Ce 14 août 2024, des discussions doivent débuter à Genève pour voir dans quel mesure il est possible d'obtenir un cessez-le-feu.
L'année dernière, des efforts de médiation des Etats-Unis avaient déjà eu lieu à Djeddah, en Arabie saoudite. Mais ils n'avaient pas abouti.
Des discussions menées par l'ONU à Genève n'avaient pas non plus abouti. L'envoyé spécial du secrétaire général de l'ONU pour le Soudan, l'algérien, Ramtane Lamamra, a toutefois qualifié les négociations de "premier pas encourageant" dans un processus complexe.
Les Etats-Unis espèrent également une percée.
Selon un haut fonctionnaire américain, certains éléments ont changé. Premièrement, l'horreur de la guerre a pris une ampleur insupportable. Deuxièmement, les partenaires des Etats-Unis en Afrique et dans la région du Golfe sont unanimes dans toute la région pour dire que la situation est inacceptable et que personne n'a rien à gagner de la déstabilisation en cours.
Les deux partis prêts à discuter ?
Les parties au conflit ont ainsi émis des signaux positifs modérés.
Le chef des paramilitaires des Forces de soutien rapide (FSR), Mohamed Daglo - connu sous le nom de Hemeti - avait déclaré sur X que son groupe était prêt à mener les discussions de manière constructive.
Le chef de l'armée, le général Abdel Fattah al-Burhan a finalement fait savoir qu'il enverrait lui aussi une délégation à Genève.
Ces pourparlers incluront l'Union africaine, l'Egypte, les Emirats arabes unis et l'ONU en tant qu'observateurs.
Une inclusion judicieuse selon Ahmed Esam de l'ONG Sudan Uprising Germany, qui a pour objectif de mettre en lumière la situation au Soudan. "Le seul point positif de ces discussions est l'inclusion d'autres acteurs de la région qui travaillaient séparément, soit en fournissant des forces sur le terrain, soit en créant des plates-formes de négociations éloignées les unes des autres",explique-t-il au micro de la DW.
Mais, il est également clair que le succès des pourparlers n'est pas garanti, selon Ahmed Esam qui précise que le Soudan se divise actuellement en deux zones contrôlées par les deux adversaires. Il craint que cela conduise à long terme à une situation comme en Libye.

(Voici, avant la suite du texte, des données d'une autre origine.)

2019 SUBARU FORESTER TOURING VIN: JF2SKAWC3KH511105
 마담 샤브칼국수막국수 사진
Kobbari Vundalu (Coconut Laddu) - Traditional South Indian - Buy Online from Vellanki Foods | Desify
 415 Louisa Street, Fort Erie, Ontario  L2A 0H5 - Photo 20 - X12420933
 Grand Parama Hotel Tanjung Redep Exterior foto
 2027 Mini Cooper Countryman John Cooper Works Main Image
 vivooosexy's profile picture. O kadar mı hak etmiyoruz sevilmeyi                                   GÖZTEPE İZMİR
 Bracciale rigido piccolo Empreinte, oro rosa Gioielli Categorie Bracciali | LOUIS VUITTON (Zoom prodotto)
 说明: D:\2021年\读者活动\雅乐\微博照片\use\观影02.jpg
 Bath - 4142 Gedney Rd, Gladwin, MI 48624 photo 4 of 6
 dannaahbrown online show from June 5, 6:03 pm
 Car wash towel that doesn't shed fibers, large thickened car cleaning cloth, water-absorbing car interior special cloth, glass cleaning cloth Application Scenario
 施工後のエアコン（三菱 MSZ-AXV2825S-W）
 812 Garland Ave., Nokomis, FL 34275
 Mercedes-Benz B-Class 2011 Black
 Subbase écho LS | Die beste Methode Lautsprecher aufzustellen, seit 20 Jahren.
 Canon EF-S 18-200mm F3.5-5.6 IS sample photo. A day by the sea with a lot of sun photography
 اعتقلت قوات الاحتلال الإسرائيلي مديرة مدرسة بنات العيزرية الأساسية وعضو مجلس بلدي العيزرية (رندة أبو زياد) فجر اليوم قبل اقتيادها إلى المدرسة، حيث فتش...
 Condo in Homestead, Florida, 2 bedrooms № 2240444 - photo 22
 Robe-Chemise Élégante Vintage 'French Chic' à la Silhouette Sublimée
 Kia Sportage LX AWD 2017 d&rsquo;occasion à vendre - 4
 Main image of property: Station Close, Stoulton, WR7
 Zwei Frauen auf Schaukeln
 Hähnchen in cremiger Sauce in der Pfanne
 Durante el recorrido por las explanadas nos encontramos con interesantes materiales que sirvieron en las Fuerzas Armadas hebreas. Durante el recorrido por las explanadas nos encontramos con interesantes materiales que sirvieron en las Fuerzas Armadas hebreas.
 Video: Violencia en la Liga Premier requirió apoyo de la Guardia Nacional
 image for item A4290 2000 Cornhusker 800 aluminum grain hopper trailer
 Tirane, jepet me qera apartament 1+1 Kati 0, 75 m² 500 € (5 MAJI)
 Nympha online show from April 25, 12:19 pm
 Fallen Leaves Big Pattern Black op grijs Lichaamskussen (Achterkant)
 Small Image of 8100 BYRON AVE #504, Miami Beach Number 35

Des milices qui ne pensent qu'à leurs propre intérêts
Hager Ali, politologue à l'institut GIGA de Hambourg, qui a récemment publié une analyse sur la guerre au Soudan, rappelle que "Daglo et Burhan voulaient tous deux imposer leur vision d'un système politique. Mais en raison des énormes défis logistiques liés aux combats, ils ont dû déléguer de nombreuses tâches aux milices locales et recruter partout des combattants et des miliciens. C'est ainsi que le contrôle de la dynamique de guerre leur échappe de plus en plus".
C'est également l'avis de l'expert du Soudan Gerrit Kurtz de la fondation allemande Wissenschaft und Politik (SWP). Les milices utilisent la guerre à leurs propres fins, écrit-il dans une étude.
Et c'est ce qui rend les discussions à venir à Genève si difficiles, explique Hager Ali. Selon elle, "tous les acteurs nationaux ont leurs propres intérêts, qui sont décuplés par la lutte entre Burhan et Daglo au niveau infranational. La situation sur le terrain est devenue plus complexe et doit être abordée différemment dans les pourparlers de paix".
La guerre menée au Soudan est devenue depuis longtemps une lutte complexe par procuration, à laquelle participent de nombreux acteurs.
"La dégradation de la situation a commencé depuis plusieurs années déjà. Et plus une telle crise dure longtemps, plus elle fait rage et déraille complètement, plus la pacification prend du temps", estime Hager Ali.
Une situation humanitaire catastrophique
Une fin des violences serait toutefois urgente au vu de la crise humanitaire au Soudan. L'organisation humanitaire Médecins sans frontières (MSF) a par exemple tiré la sonnette d'alarme : les réserves d'aliments spéciaux pour le traitement des enfants malnutris dans le camp ne suffisent plus que pour deux semaines.
Selon les différentes données, entre 200.000 et un demi-million de personnes déplacées vivent à Zamzam, près de la ville assiégée d'el-Facher, au Darfour.
L'OIM parle actuellement de près de dix millions de personnes déplacées à l'intérieur du pays dans tous les Etats fédéraux du Soudan. En outre, près de 25 millions de personnes - soit environ la moitié de la population - auraient un besoin urgent d'aide humanitaire.